◆ Directions for this task:
Everything in the listing below should be repeated exactly, apart from the pictures.

### Data ###

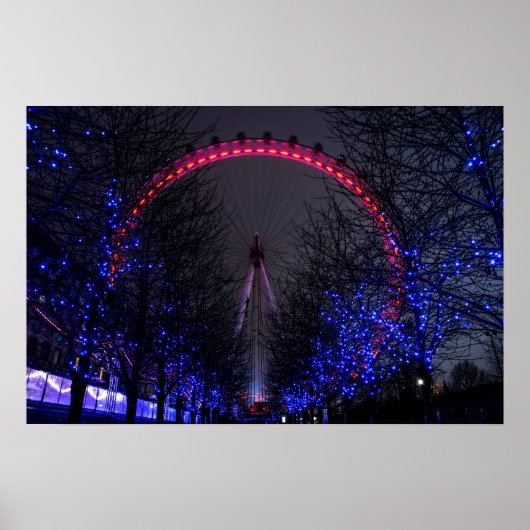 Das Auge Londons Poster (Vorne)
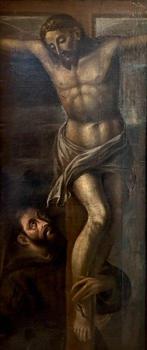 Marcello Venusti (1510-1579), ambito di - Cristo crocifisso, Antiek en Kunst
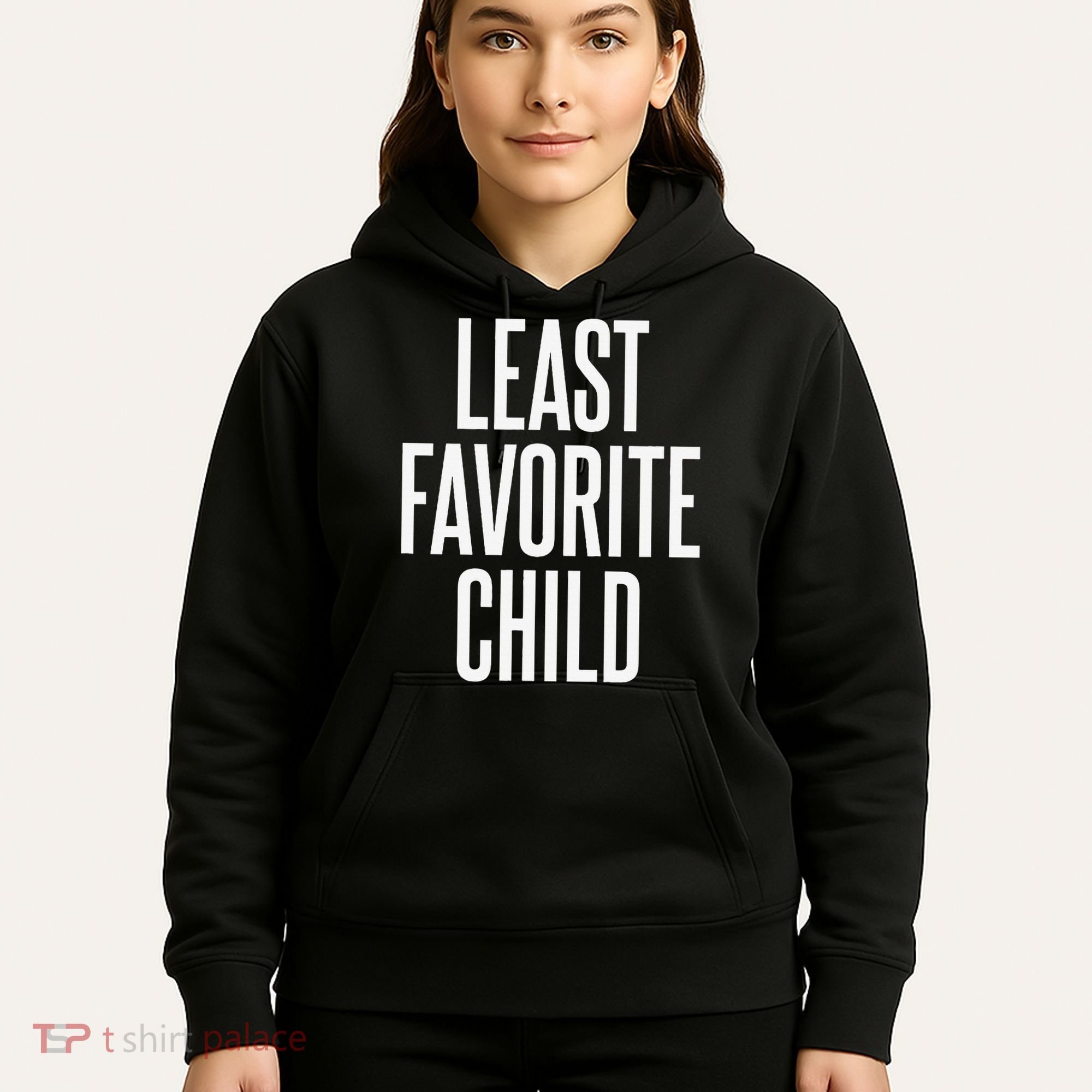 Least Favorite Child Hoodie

###

◆ Result:
 Das Auge Londons Poster (Vorne)
 Marcello Venusti (1510-1579), ambito di - Cristo crocifisso, Antiek en Kunst
 Least Favorite Child Hoodie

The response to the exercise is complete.